Muriel redescendit dans ses appartements depuis le sommet de la Tour, mais son regard était toujours orienté vers le Portail. Les Fienpoti devraient arriver le lendemain à Saint Dragon, voire même le jour-même selon l’heure à laquelle ils arriveraient au Temple de la Forêt Ancestrale, et le temps qu’il faudrait pour que le Triangle des Trois Forces leur soit confié. Depuis qu’elle avait pensé aux siestes du début de l’après-midi afin de communiquer avec Magior, elle était plus tranquille vis-à-vis d’Antoine, qui possédait comme les Mages des Temps, les Fienpoti et quelques sorciers parmi les plus puissants, ainsi que le Peuple Magique sous une certaine forme, le don de communiquer par les rêves. Si jamais il découvrait qu’il était plus que probable qu’il soit un des Mages des Temps… L’ouverture du Portail était imminente, plus qu’une question de jours. Muriel songea une fois de plus à tenter de le débloquer et de l’ouvrir vers la Cité aux Fées par exemple, mais elle savait que c’était impossible. En vérité, c’était elle qui avait partagé la clef spirituelle du Portail d’Heucalia en chacun des Grands Trésors, et avait expressément ordonnée avant sa fermeture qu’ils ne devraient être réunis que lorsque la situation serait trop dangereuse. Elle avait en quelque sorte mentit lorsqu’elle disait aux Fienpoti qu’elle ne voulait pas ouvrir le Portail afin d’éviter que la Peur puisse venir dans Heucalia. Mais il ne fallait pas qu’ils croient que la situation soit perdue si le Mage Noir parvenait à réunir lui-même tous les Grands Trésors. Car cela serait le cas, ou du moins il serait difficile de sauver Heucalia en plus des Cinq Mondes de la Peur.

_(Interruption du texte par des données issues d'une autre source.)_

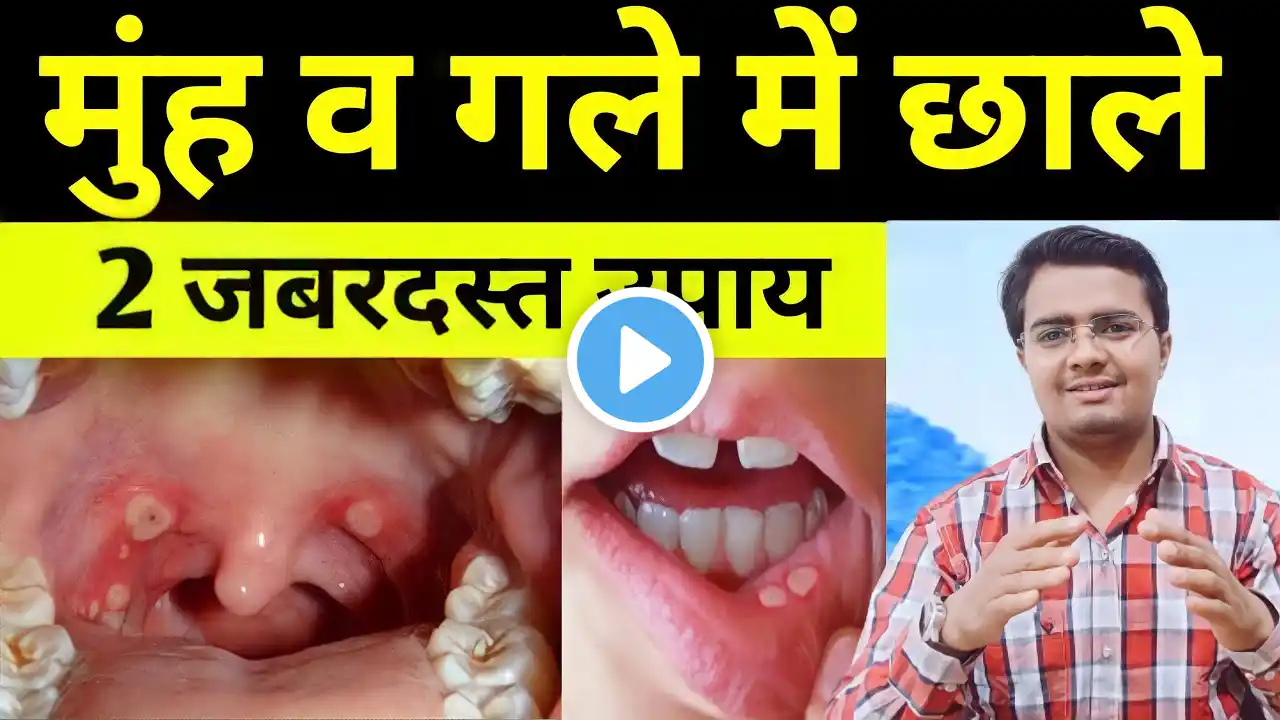 1 बार में ही गले व मुंह के छालों का 100% पर्मानेंट इलाज | गले में छाले का इलाज | मुह में छाले इलाज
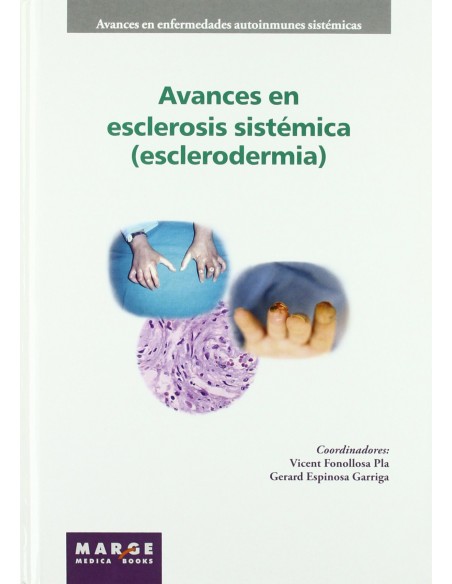 Avances en esclerosis sistemica esclerodermia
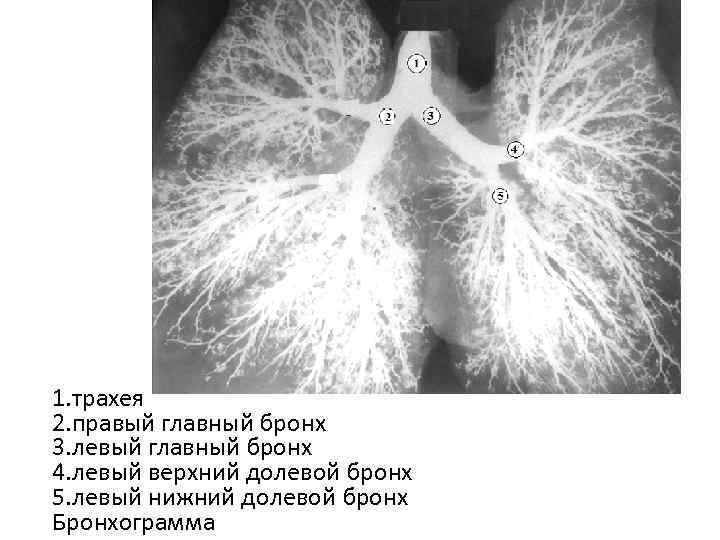 1. трахея 2. правый главный бронх 3. левый главный бронх 4. левый верхний долевой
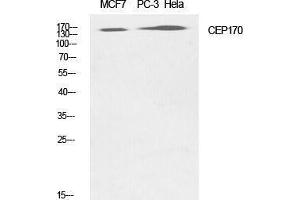 Western Blotting (WB) image for anti-Centrosomal Protein 170kDa (CEP170) (Internal Region) antibody (ABIN3174342) (CEP170 anticorps  (Internal Region))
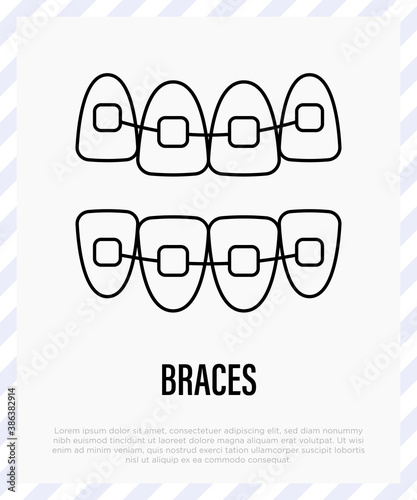 Orthodontics: braces, teeth correction. Dentistry. Thin line icon, vector illustration.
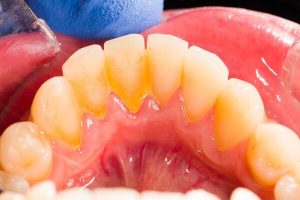 Lấy cao răng bằng dâu tây – Cách làm sạch răng hiệu quả 99%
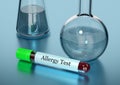 Blood sample in test tube for allergy test in laboratory Royalty Free Stock Photo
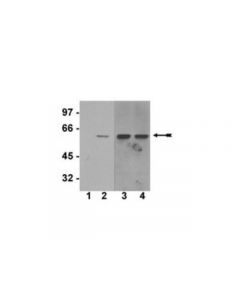 Millipore Anti-Phospho-Akt1/Pkbalpha (Ser473) Antibody, Clone Sk703,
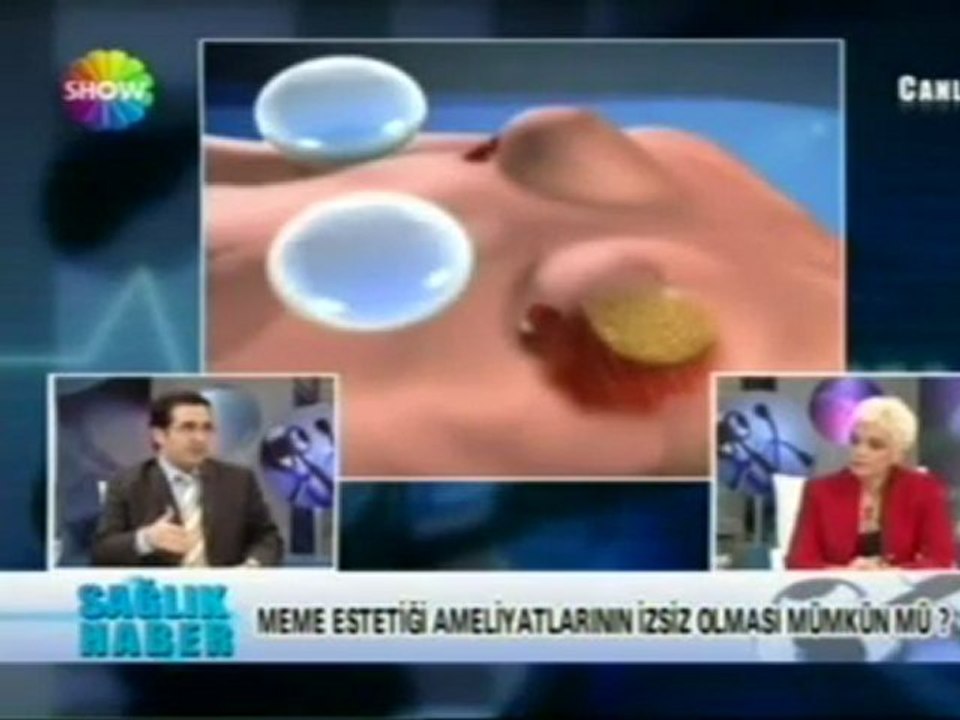 İzsiz meme Büyütme Ameliyatı & Op Dr Ali mezdeği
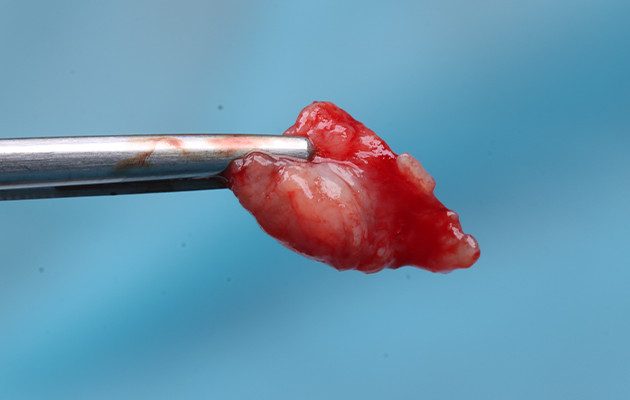 10 | Fragmento tecidual a ser submetido à análise anatomopatológica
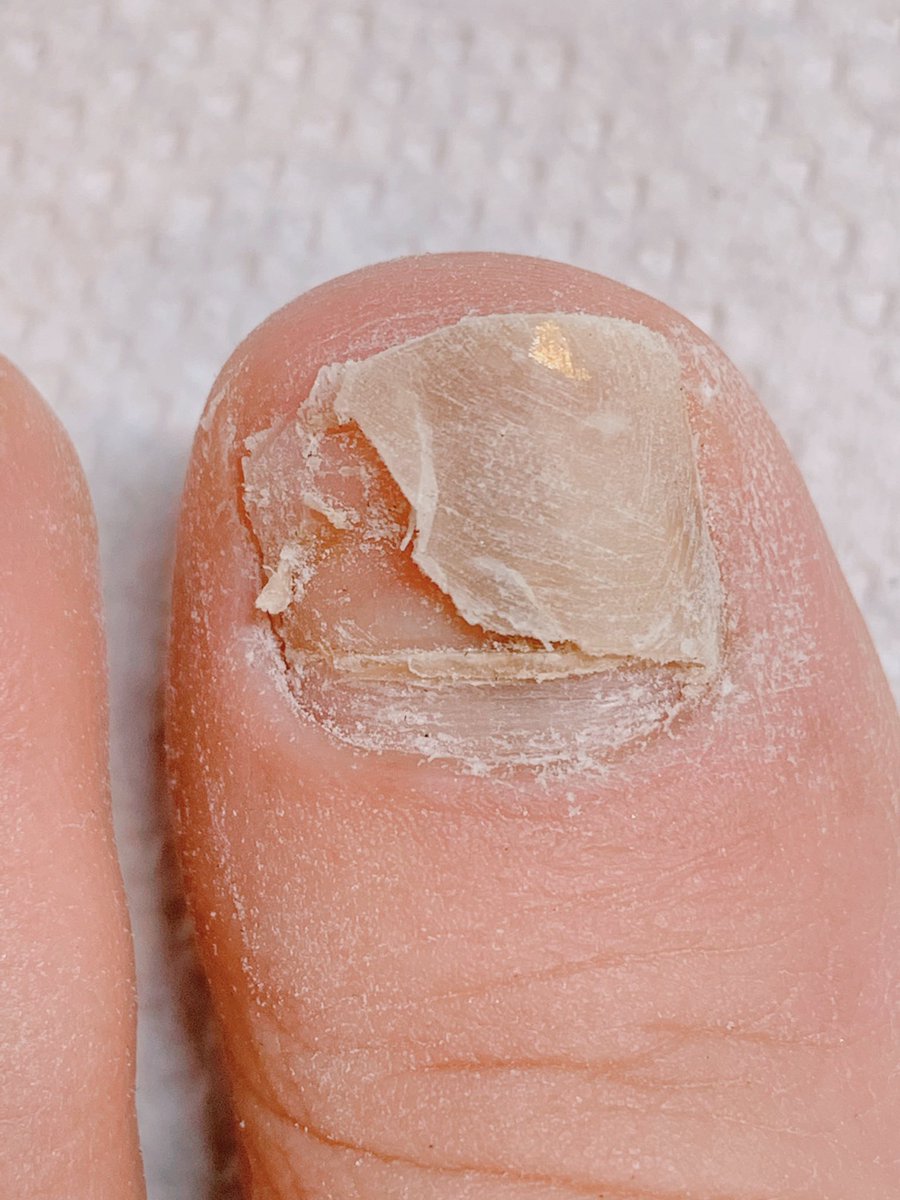 無料ダウンロード ネイル 剥がれた 爪 美しいネイルトレンド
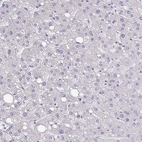 Immunohistochemical staining of human liver shows very weak membranous positivity in hepatocytes.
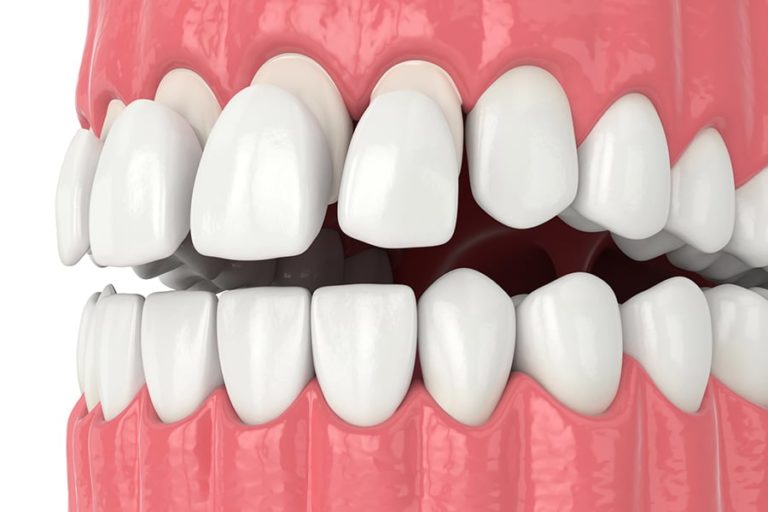 Composite Veneers Common Questions Answered Lane & Associates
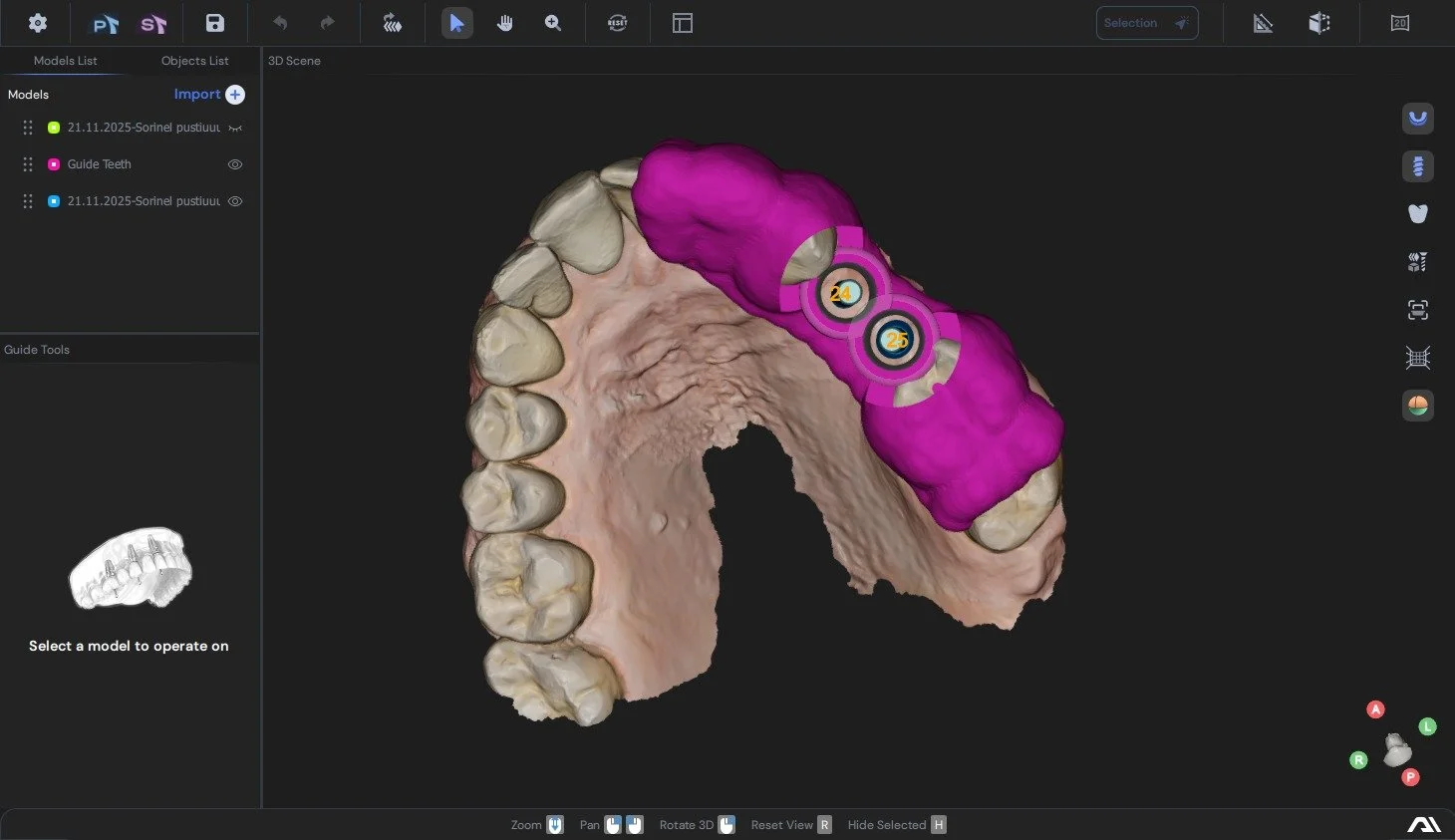 3D digital dental scan showing the upper jaw with a highlighted dental implant section in pink, numbered 24 and 25.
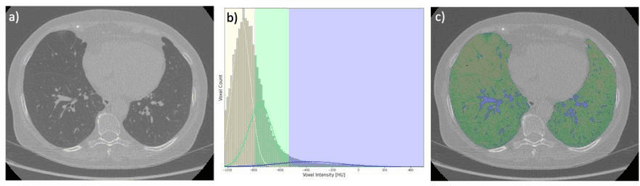 Figure 4 for BRONCO: Automated modelling of the bronchovascular bundle using the Computed Tomography Images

Charles Rigalor revenait au château depuis la bibliothèque où il avait passé sa matinée à parler de littérature avec Julien. La conversation de ce jeune bibliothécaire était très agréable, et ce qui était appréciable était le fait que le fait d’appartenir à des mondes différents n’était pas un obstacle pour discuter à propos de divers récits provenant de mondes différents, car les Portails laissaient régulièrement passer de mondes en mondes des ouvrages. Le Prince de l’Armont croisa sa sœur dans une petite rue en compagnie de Louis, et après avoir échangé quelques mots, il poursuivit son chemin en direction du Palais. Il alla dans le jardin, et admira une fois de plus la vue qui s’offrait à lui. La ville s’étendait tout autour, mais le jeune Armonois dût interrompre sa contemplation car la pluie commença à s’abattre sur la cité grandiose. Charles fut content d’avoir un manteau suffisamment épais pour pallier à la température assez froide. En quelques minutes, la pluie se transforma en neige, et peu à peu une tempête s’installe sur la capitale. Un manteau blanc recouvra Alider. Marine et Louis étaient rentrés au Château dès que les flocons s’étaient faits nombreux, et la famille Rigalor réunie dans le salon avec la famille Nollio. Ce qui était une tempête en fin de matinée devint un blizzard en fin d’après-midi, et il était impossible de voir par les fenêtres l’extérieur tellement les flocons aux formes complexes et uniques étaient proches les uns des autres.